I am trying to apply the expectation-maximization algorithm to estimate missing count data but all the packages in R, such as missMethods, assume a multivariate Gaussian distribution. How would I apply the expectation-maximization algorithm to estimate missing count data assuming a Poisson distribution?
Say we have data that look like this:
x <- c(100, 96, 79, 109, 111, NA, 93, 95, 119, 90, 121, 96, NA,
NA, 85, 95, 110, 97, 87, 104, 101, 87, 87, NA, 89, NA,
113, NA, 95, NA, 119, 115, NA, 105, NA, 80, 90, 108, 90,
99, 111, 93, 99, NA, 87, 89, 87, 126, 101, 106)
Applying impute_EM using missMethods (missMethods::impute_EM(x, stochastic = FALSE)) gives an answer but the data are not continuous but discrete.
I understand that questions like these require a minimum, reproducible example, but I honestly do not know where to start. Even suggested reading to point me in the right direction would be helpful.
Defining x0:
x0 <- x[!is.na(x)]
The Jeffreys/reference prior for a Poisson distribution with mean lambda is 1/sqrt(lambda). From the observed values, this results in lambda having a gamma reference posterior with a shape parameter sum(x0) + 0.5 and a rate parameter 1/length(x0). You could take n samples of lambda with:
lambda <- rgamma(n, sum(x0) + 0.5, length(x0))

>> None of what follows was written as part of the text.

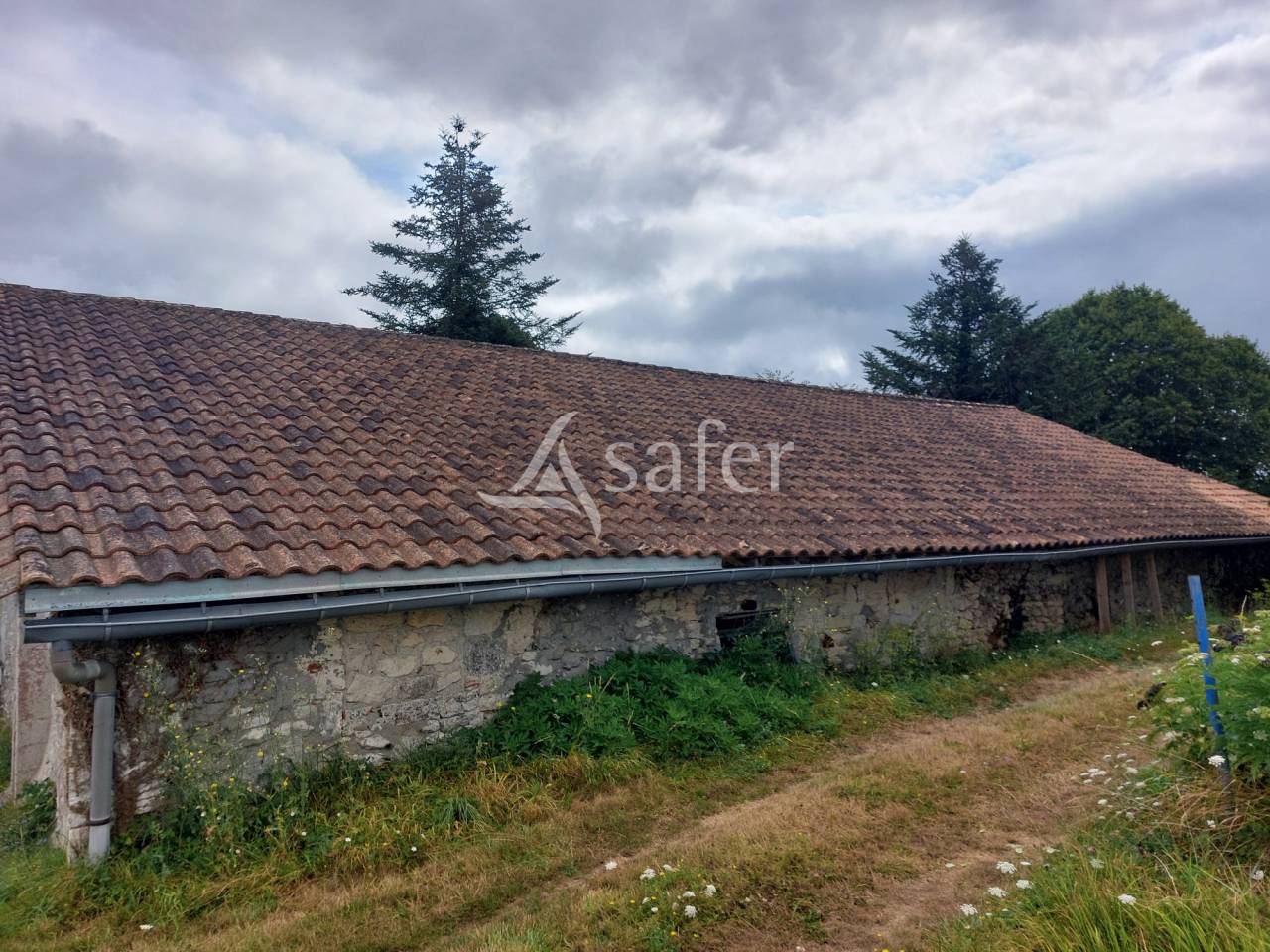 Propri&eacute;t&eacute; en pierre sur 42ha, proche P&eacute;rigueux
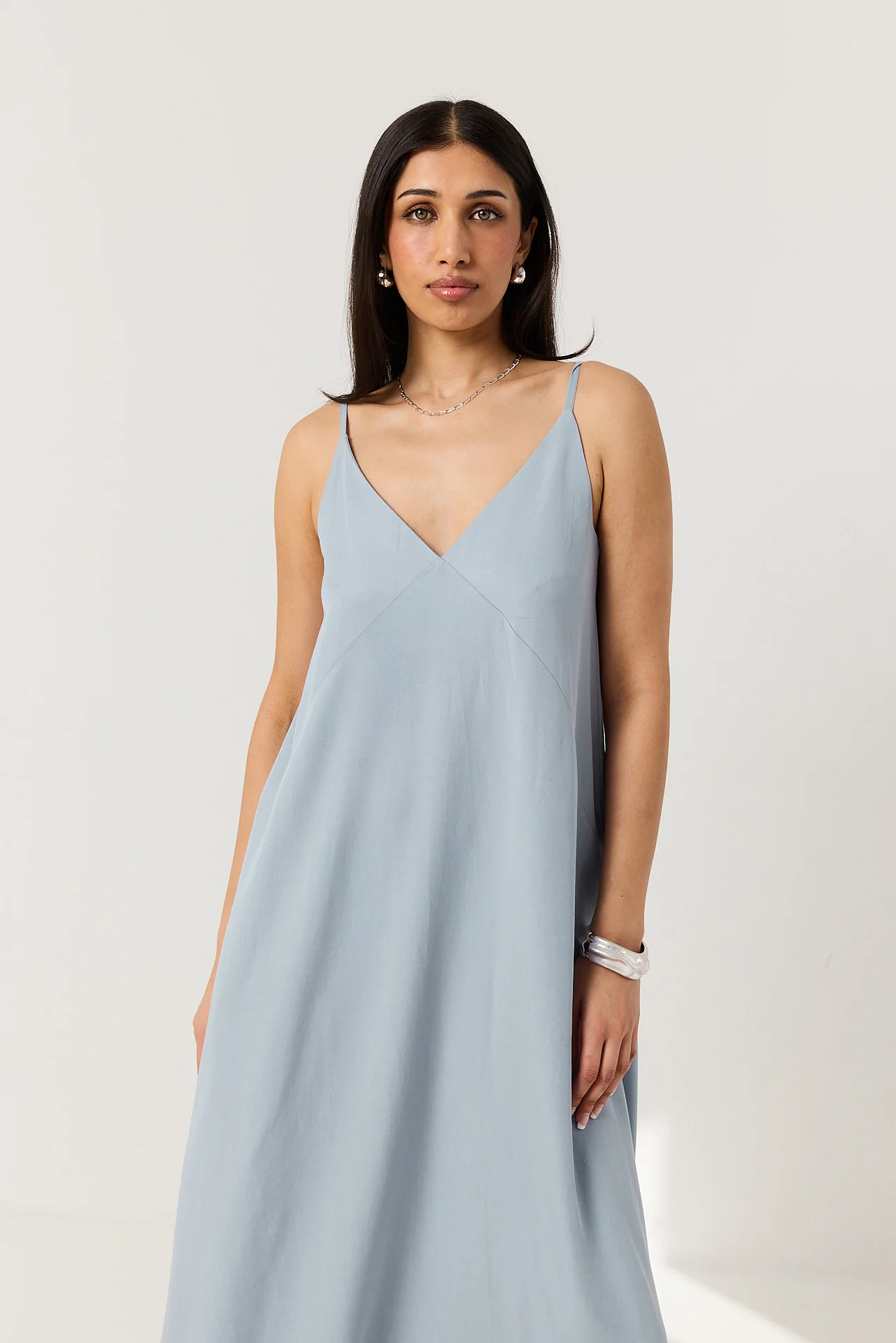 Sukienka Romeo powder blue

Then sample n missing values (xm) with
xm <- rpois(n, lambda)
Alternatively, since a Gamma-Poisson compound distribution can be formulated as a negative binomial (after integrating out lambda):
xm <- rnbinom(n, sum(x0) + 0.5, length(x0)/(length(x0) + 1L))
As a function:
MI_poisson <- function(x, n) {
x0 <- x[!is.na(x)]
rbind(matrix(x0, ncol = n, nrow = length(x0)),
matrix(rnbinom(n*(length(x) - length(x0)), sum(x0) + 0.5, length(x0)/(length(x0) + 1L)), ncol = n))
}
This will return a matrix with n columns where each column contains the original vector x with all NA values imputed. Each column could be used separately in further analysis, then the results can be aggregated.